Compiler may do the optimization, but it is not mandatory.
To force to pass the "best" type, you may use boost:
http://www.boost.org/doc/libs/1_55_0/libs/utility/call_traits.htm
Replacing const T& (where passing by value is correct) by call_traits<T>::param_type.
So your code may become:
template <class T, class Priority>
void MutableQueue<T, Priority>::update(call_traits<T>::param_type item,
call_traits<Priority>::param_type priority)
{
...
}
As #black mentioned, optimizations are compiler and platform dependent. That said, we typically expect a number of optimizations to happen day-to-day when using a good optimizing compiler. For instance, we count on function inlining, register allocation, converting constant multiplications and divisions to bit-shifts when possible, etc.
To answer your question
Would modern x86-64 compilers be smart enough to pass the priority argument by value rather than reference if the priority type could fit within a register?

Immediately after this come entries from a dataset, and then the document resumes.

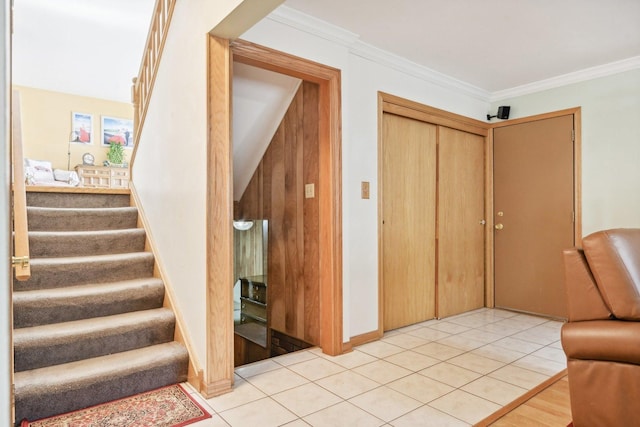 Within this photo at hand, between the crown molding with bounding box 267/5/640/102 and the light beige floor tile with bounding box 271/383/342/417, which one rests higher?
the crown molding with bounding box 267/5/640/102

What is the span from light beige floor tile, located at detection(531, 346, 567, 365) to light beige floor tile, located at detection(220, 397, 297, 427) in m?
1.92

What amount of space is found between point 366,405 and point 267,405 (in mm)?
521

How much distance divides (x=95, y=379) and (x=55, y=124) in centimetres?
612

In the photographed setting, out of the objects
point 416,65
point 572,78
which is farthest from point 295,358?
point 572,78

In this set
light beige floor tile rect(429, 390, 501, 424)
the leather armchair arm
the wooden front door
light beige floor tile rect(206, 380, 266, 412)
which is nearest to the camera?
the leather armchair arm

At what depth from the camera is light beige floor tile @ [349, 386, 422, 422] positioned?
1954 mm

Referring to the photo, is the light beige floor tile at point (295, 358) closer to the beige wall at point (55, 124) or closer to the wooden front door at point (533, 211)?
the wooden front door at point (533, 211)

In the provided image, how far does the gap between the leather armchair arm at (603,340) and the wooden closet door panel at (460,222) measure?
208 cm

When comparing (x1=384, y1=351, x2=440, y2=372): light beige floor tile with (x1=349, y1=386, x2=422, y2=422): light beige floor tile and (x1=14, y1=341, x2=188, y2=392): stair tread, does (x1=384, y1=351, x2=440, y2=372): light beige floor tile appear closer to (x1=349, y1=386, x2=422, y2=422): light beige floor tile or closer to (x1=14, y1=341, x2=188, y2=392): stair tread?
(x1=349, y1=386, x2=422, y2=422): light beige floor tile

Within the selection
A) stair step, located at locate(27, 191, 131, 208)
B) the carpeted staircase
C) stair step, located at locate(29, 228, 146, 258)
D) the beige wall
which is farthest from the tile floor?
the beige wall

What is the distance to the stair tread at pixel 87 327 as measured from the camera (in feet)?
6.75

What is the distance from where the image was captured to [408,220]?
11.7 ft

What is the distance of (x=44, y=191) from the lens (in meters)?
3.16

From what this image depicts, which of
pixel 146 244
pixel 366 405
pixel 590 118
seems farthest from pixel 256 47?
pixel 590 118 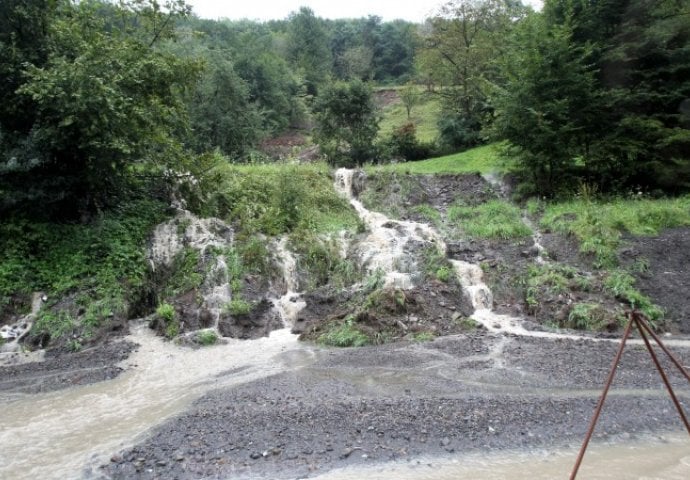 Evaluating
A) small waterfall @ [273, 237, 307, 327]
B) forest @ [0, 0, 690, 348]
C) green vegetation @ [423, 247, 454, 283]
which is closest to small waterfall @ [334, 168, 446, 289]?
green vegetation @ [423, 247, 454, 283]

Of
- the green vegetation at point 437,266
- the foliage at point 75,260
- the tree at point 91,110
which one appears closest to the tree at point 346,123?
the tree at point 91,110

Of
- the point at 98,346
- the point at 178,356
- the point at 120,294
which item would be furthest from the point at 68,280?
the point at 178,356

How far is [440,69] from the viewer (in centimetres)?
3183

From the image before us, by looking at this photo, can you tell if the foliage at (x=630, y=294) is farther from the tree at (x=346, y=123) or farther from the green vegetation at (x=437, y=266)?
the tree at (x=346, y=123)

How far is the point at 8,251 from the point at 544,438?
518 inches

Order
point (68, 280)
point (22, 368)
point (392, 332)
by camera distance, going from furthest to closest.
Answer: point (68, 280), point (392, 332), point (22, 368)

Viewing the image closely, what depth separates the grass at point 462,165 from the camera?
2045 cm

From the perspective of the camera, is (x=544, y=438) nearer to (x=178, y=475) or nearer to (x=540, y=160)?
(x=178, y=475)

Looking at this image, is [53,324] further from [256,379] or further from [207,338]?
[256,379]

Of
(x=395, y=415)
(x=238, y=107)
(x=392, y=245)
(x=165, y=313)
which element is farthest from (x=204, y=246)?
(x=238, y=107)

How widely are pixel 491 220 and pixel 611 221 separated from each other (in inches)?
145

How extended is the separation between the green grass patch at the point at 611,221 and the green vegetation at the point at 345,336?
6.97m

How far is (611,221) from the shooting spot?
1425cm

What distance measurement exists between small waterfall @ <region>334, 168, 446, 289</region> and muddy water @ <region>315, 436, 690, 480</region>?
6499 mm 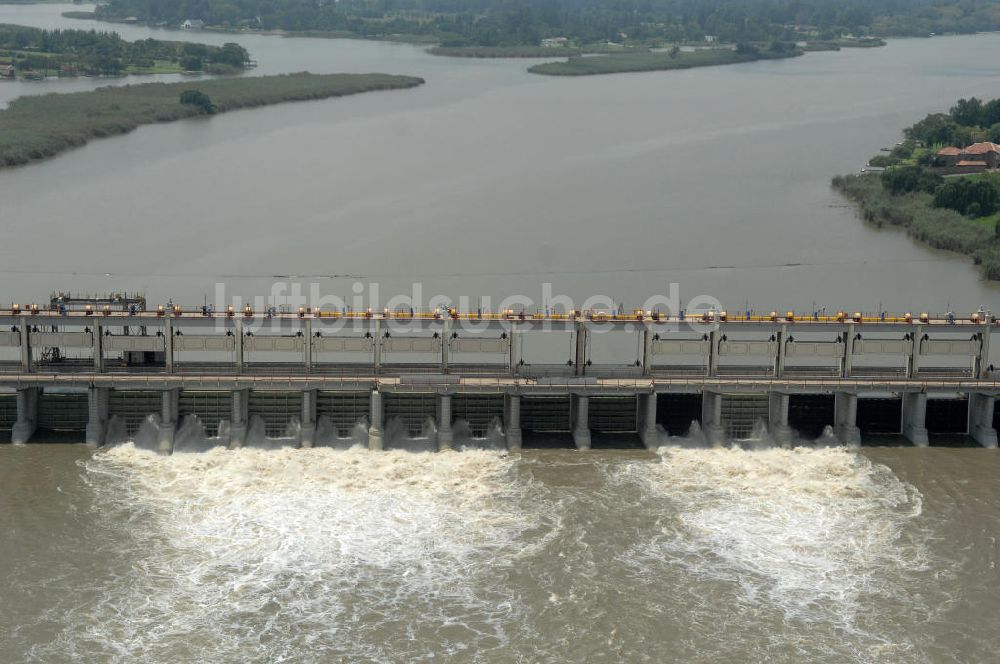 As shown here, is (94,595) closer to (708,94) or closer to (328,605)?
(328,605)

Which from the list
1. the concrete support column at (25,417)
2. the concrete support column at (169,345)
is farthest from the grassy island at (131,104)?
the concrete support column at (169,345)

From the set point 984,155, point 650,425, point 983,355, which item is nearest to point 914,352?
point 983,355

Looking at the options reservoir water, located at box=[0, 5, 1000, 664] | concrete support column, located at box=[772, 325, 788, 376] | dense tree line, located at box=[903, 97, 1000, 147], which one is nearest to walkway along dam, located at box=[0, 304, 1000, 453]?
concrete support column, located at box=[772, 325, 788, 376]

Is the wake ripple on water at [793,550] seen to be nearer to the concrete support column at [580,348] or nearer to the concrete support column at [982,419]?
the concrete support column at [580,348]

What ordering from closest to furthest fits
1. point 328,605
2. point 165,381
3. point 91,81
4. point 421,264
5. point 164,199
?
point 328,605 → point 165,381 → point 421,264 → point 164,199 → point 91,81

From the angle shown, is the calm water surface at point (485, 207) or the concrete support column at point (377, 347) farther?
the calm water surface at point (485, 207)

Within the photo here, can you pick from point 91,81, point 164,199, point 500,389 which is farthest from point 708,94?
point 500,389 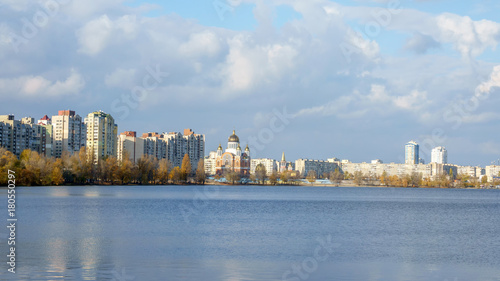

I'll simply try it out. See for your self:
GCC latest (without inlining)
CLANG 3.5.1 (without inlining)
This is the code:
template<typename T>
T square(const T& num) {
return num * num;
}
int sq(int x) {
return square(x);
}
GCC -O3, -O2, and -O1 reliably perform this optimization.
Clang 3.5.1, on the other hand, does not seem to perform this optimization.
Should you count on such optimization happening? Not always, and not absolutely--the C++ standard says nothing about when an optimization like this could take place. In practice, if you are using GCC, you can 'expect' the optimization to take place.
If you absolutely positively want to ensure that such optimization happens, you will want to use template specialization.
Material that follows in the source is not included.